凡是作这种想法的人——如果他们愿意得到改正的话,——都必须使之领会那〃在上者〃的性质,并且使之放其他们那种轻易得来的对于庄严的权力的诽谤,因为对那儿一切人都应该怀着尊敬的迟疑。
甚至于在整个宇宙的运行里,也找不出来进行这种攻击的理由,因为整个宇宙的运行已经给〃理智的本性〃的伟大性提供了最明显的证据。
呈现为生命的这一宇宙〃全体〃并不是一种形体无常的组织,——象它里面的那些不分昼夜地由它那繁富的生命力里所生出来的种种较小的形式那样,——整个宇宙是一个有组织的、有作用的、复杂的、无所不包的、显示着深沉莫测的智慧的生命。那末,任何人又怎么能否认,它就是有理智的神明之明晰清楚而又形象美丽的影象呢?毫无疑问,它只是一个摹本而不是原本;但这就是它的本性;它不可能同时既是象征而又是真实。但若说它是一幅不确切的摹本,那就错了;凡是一幅以物理秩序为限的美丽画面所能包罗在内的东西,都已经是丝毫无遗了。
这样的一种复制其是必然要有的,——尽管不是出于有意的谋划,——因为〃理智〃绝不能是最后的东西而必须具有双重的行为,一重行为是在它自身之内的,一重行为是向外的;因而就必须还有某种东西是在神明以后的;因为唯有那种一切威力都随之而告结束的东西,才能不再把它自身的东西传递下去。
这或许是普罗提诺的原则对于诺斯替派所可能做出的最好的答复了。这个问题又以略为不同的语言而被基督教的神学家们继承了下来;他们也发见了既要说明创世,而又不容许有那种创造主在创世之前是有着某种缺欠的大不敬的结论,是很困难的事。事实上,他们的困难要比起罗提诺的困难更大;因为其罗提诺可以说〃心灵〃的性质使得创世成为不可避免的,而对于基督教徒来说,则世界却是上帝的自由意志之无拘无束的作用的结果。
普罗提诺对于某种抽象的美,有着一种异常鲜明的感受。在描写理智的地位居于太一与灵魂的中间时,他突然迸发出来一段雄辩无比的话:
至高无上者在其进程中是绝不能乘任何没有灵魂的车而前进的,甚至于也绝不能直接乘灵魂;它是以某种不可名状的美为其先导的:在伟大的王的行程前面最先走出来的是较小的行列,随后出来的就一行比一行伟大,一行比一行高贵,越接近于王也就越富于王者气象;再后便是他自己的尊荣的近侍,最后在这一切荣耀之中便蓦然出现了至高无上的君主本人,于是一切的人——除了那些只看到在他来临以前的景象,便心满意足地走开了的人们而外——便都匍匐下来向他欢呼。(同上书,第五卷,第五篇,第3章)

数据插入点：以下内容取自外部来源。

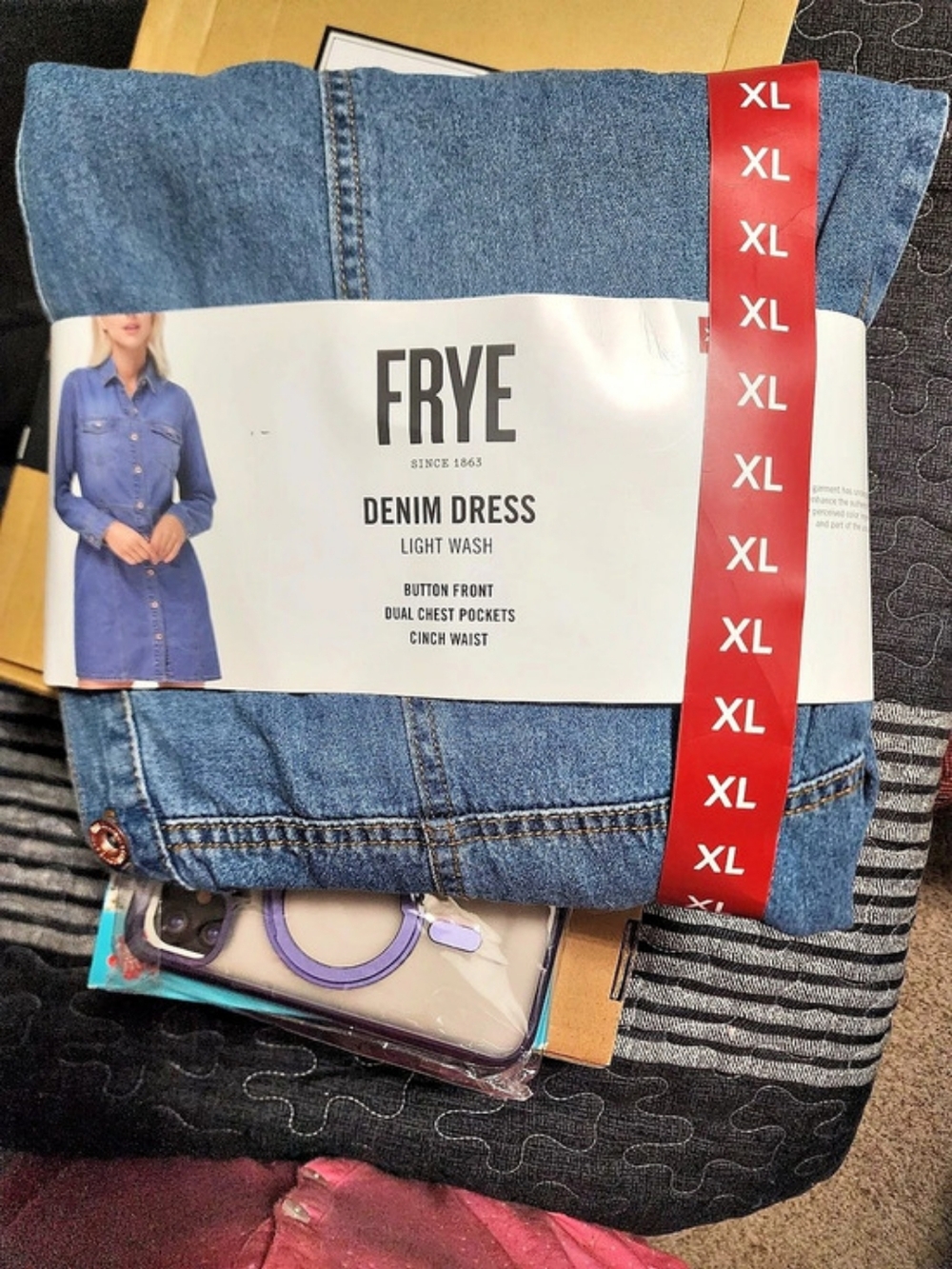 FRYE Denim Dress Light Wash in Blue Size XL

还有《论理智美》的那一片,也表现了同样的一种感情(第五卷,第8篇):
一切神确乎是庄严美丽的,美丽得不是我们的言词所能表达的。是什么使得他们如此呢?是理智;尤其是在他们(神圣的太阳与星辰)内部运行着的、而又可以看得见的理智。……
安逸的生活也就在那里;真实性对于这些神明们既是母亲又是保姆,既是生存又是抚养;凡是不属于过程而属于确实存在的东西他们都看得见,他们本身就在一切之中;因为一切都是透明的,没有什么是黑暗的,没有什么是能阻碍的;每一个生存对于任何另一个生存都是通明透亮的,无论是在广度上还是在深度上;光明是通过光明而进行的。他们每一个的自身之中都包含着一切,并且同时又在另外的每一个之中都见到了一切,所以处处都有一切,一切是一切而每一个又是一切,这种光荣是无限的。他们每一个都是伟大的;微小的也是伟大的;太阳在〃那里〃是一切的星而每一座星又都是一切的星与太阳。每一种里面都以某种存在方式为主导,然而每一种又都彼此反照着一切。

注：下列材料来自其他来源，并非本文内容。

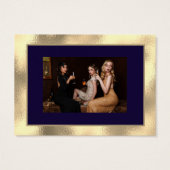 Joyeux Noël Gold Blue Navy Photo Snowflakes (Dos)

除了世界因为是一个摹本所以就不可避免地具有缺欠而外,普罗提诺和基督徒一样地都以为还有更积极的恶是由罪所产生的。罪乃是自由意志的一种后果,普罗提诺是主张自由意志而反对决定论者的,尤其是反对占星学家。他并不想全然否认占星学的有效性,但是他试图给占星学限定一个范围,从而使其余的一切都可以适应于自由意志。他对于巫术也采取了同样的办法;他说圣贤是不受巫师的权力支配的。普尔斐利提到过,有一个与他作对的哲学家曾试图以邪恶的诅咒加之于普罗提诺,但是由于普罗提诺的圣洁与智慧,诅咒就返回到对方自己的身上去了。蒲尔斐利以及所有普罗提诺的门人,都比起罗提诺本人更迷信得多。普罗提诺身上的迷信,已经是那个时代所可能最微少的了。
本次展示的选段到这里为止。